> **Problem requirements**
In the entries below, begin at the line that has "Jeep Gladiator STING", stop after the line that has "Emmanuel Sa Vie", and output those lines exactly with no pictures.

> **Source data**

========================================================================

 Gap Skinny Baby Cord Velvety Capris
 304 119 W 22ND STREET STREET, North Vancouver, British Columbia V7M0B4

========================================================================

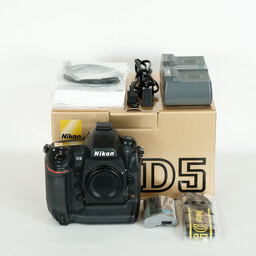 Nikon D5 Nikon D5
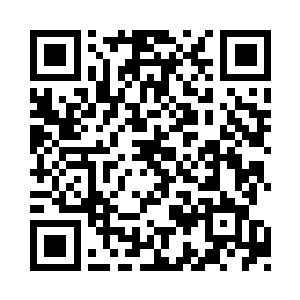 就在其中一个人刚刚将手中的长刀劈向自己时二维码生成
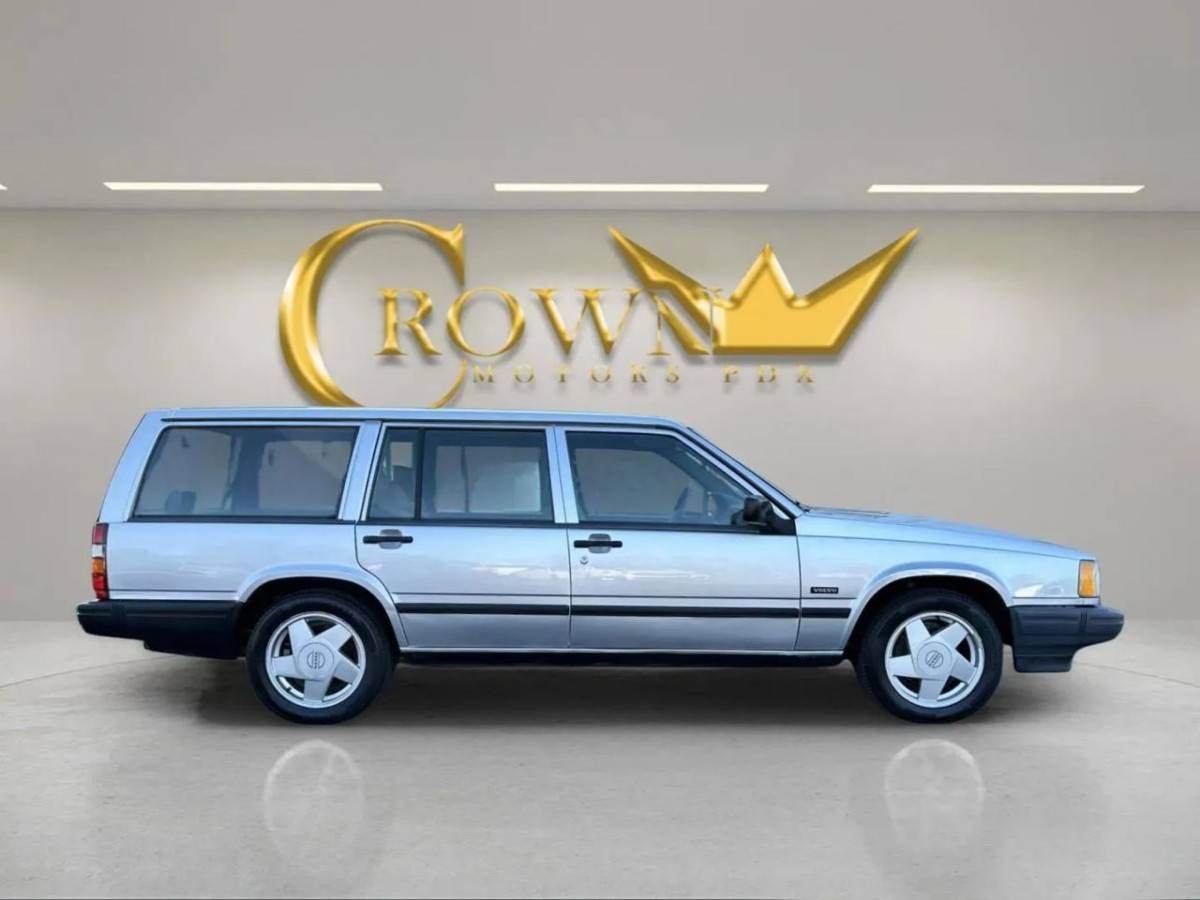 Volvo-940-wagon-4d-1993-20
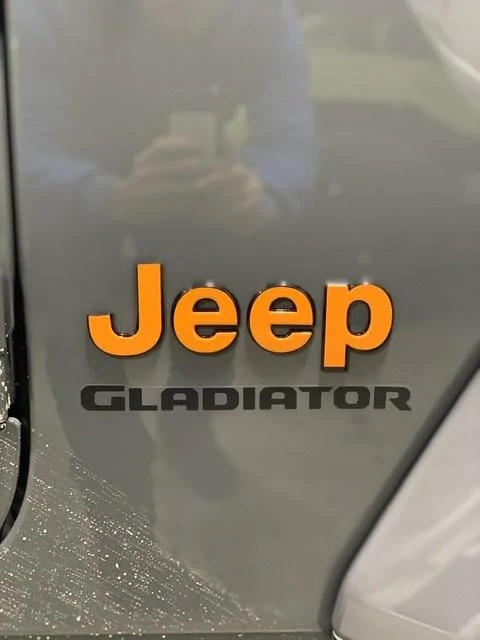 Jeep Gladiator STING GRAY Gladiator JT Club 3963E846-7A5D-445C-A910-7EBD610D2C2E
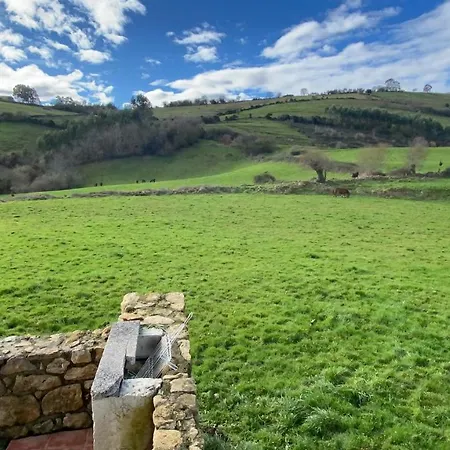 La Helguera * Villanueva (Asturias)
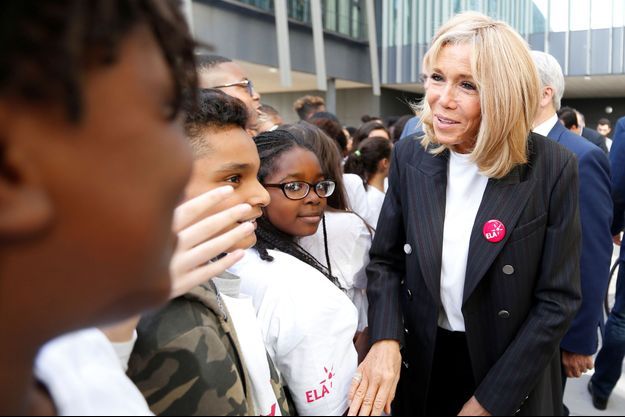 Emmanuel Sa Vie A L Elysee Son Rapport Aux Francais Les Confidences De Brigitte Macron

========================================================================

> **Output of the task**
 Jeep Gladiator STING GRAY Gladiator JT Club 3963E846-7A5D-445C-A910-7EBD610D2C2E
 La Helguera * Villanueva (Asturias)
 Emmanuel Sa Vie A L Elysee Son Rapport Aux Francais Les Confidences De Brigitte Macron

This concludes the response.